When I think of the single greatest action anyone could take right now to accelerate their journey towards personal and financial freedom, I think of how I learned to bike again. This single decision has the power to immediately increase the rate at which we build wealth.
This one decision has led to an increase in my assets of nearly $50,000 in the past 4 years of my working career.
So, you might be asking yourself,
Is Car Ownership Worth It?
If you’re thinking it is impossible to take this advice, because car ownership is a MUST in your life, then skip ahead, but first, I’ll clarify how I arrived at such a large number.
The average cost of owning a car today is approximately $8,698 per year.
An argument could be made that a frugal person can buy a beat up, used vehicle to save on money, but I’ll counter that point with an offset cost associated with keeping a car in an expensive city.

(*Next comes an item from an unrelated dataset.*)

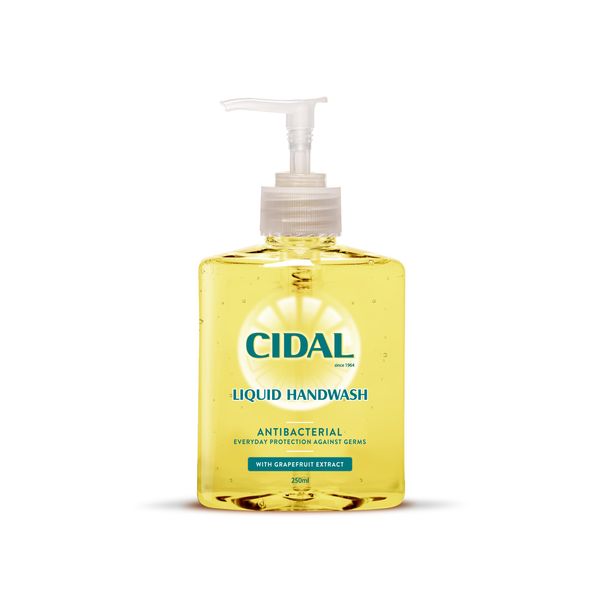 Cidal Grapefruit Handwash, antibacterial, uplifting fresh grapefruit scent, 250ml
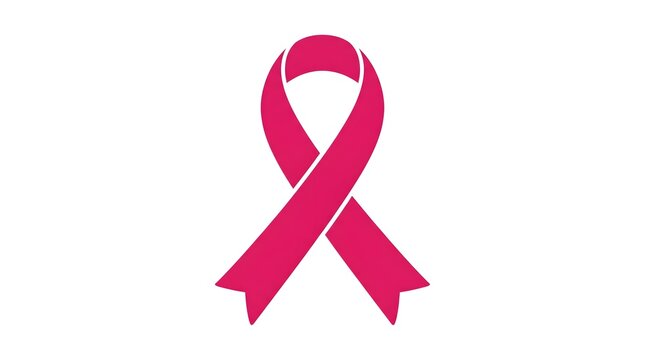 A bright pink ribbon symbol representing support and solidarity for patients during the annual breast cancer awareness month campaign held every october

My hometown of Chicago means parking can run anywhere from $1,500 to $2,500 a year.
Instead of spending $8,698 on a vehicle each year, I’ve invested that same cash flow into my 401(k), which is pre-tax. Assuming a tax rate of 30%, that means I would have needed to earn $49,703 to have paid $8,698 each year.
Of course, there are tax implications on the tail end of my, “savings,” If you’re looking for ways on how to access retirement funds early, without penalty and in a tax efficient manner, then I recommend checking Brandon’s Mad FIentist post. Definitely a good read for anyone interested in early retirement or pursuing less income later in life after having reached financial independence.
As for me, after factoring in the cost of biking or taking public transit instead of driving, I can comfortably say I’ve come out ahead by more than $45,000.
Public transit in Chicago used to cost $100 per month for both my girlfriend and I before we moved within walking distance of work. At $1200 per year (since commuter costs have been a pre-tax benefit at my jobs), that means I’ve spent about $3,000. I’ll venture to say owning a bike would be far less expensive if it wasn’t for the fact I use my bike to compete in triathlons as well.
Is car ownership a MUST in your life?
Take a moment to consider what we NEED a car for. Don’t think of this as a question about if we need a luxury car or if we would be just as happy with a Honda Civic. This is an overall question on car ownership in general.
Is it possible to move closer to work so we can walk or bike instead? Is it possible to hop on public transport?
Are there short trips from our home where we can use a bike instead of driving the 1 or 2 miles?
Is it possible to consolidate from two cars to one in a household?
These have all been questions my girlfriend and I have asked over our time in Chicago, and we continously value building wealth higher than the benefits of car ownership.
Of course we have been massively inconvenienced at times by having to rent a car. It is a pain to have to wake up an extra twenty minutes to walk a mile to pick up a car, but that type of inconvenience is worth it to us.
From my perspective, I can tell you eliminating car ownership would NEVER have happened in my household growing up. Each of my parents demanded their independence and viewed their vehicle as an extension of their freedom.
I want to add that they worked at the same building and often car pooled together to and from work.
I’ve taken a different approach than my parents, because I saw their financial habits mimicked many of those struggling to fund their own retirement. As I’ve mentioned before, part of my FI calculations include a portion of my future income being utilized to help support my parents in retirement because they will not be financially prepared for it. .
Many of us get sucked into buying what we think we can “afford”. If we maintain that approach throughout our working career, we’ll always spend the maximum we can, without leaving room to let our money work for us.
As Bobby, from the Millennial Money Man put it on Twitter:
That is sagely advice if we’re serious about pursuing financial freedom.
The last thing I’ll add is that I believe car ownership is a dying business model. Following the boldness from a recent guest post’s stock market prediction, I’ll put myself out there and say the future business model will be car fleets being owned and operated as a public utility.
Currently, the average car owner utilizes their vehicle 5-10% of the day. The remaining portion of the day, the car sits and depreciates. This creates a large economic incentive for companies to put those cars to work.
Autonomous driving technology is constantly improving as more than 3 million autonomous miles are logged every day at Tesla alone. It wouldn’t surprise me to see a future where trusting a 16 year-old to drive a multi-ton vehicle on their own is considered reckless parenting.
The cost of insurance to cover an individual driving their own vehicle will also skyrocket as the safety of autonomous vehicles far surpasses human capabilities.
Think of it this way; people still ride horses, but it is an expensive hobby as opposed to an effective way to travel.
With the rate technology improves today, I wouldn’t trust those resale values on cars in ten years.
Do you enjoy the financial and personal benefits of biking to work? Is car ownership worth it to you or is it something you wish you didn’t need to put up with? Is there a factor or two that needs to change in your life before you think biking or walking makes sense?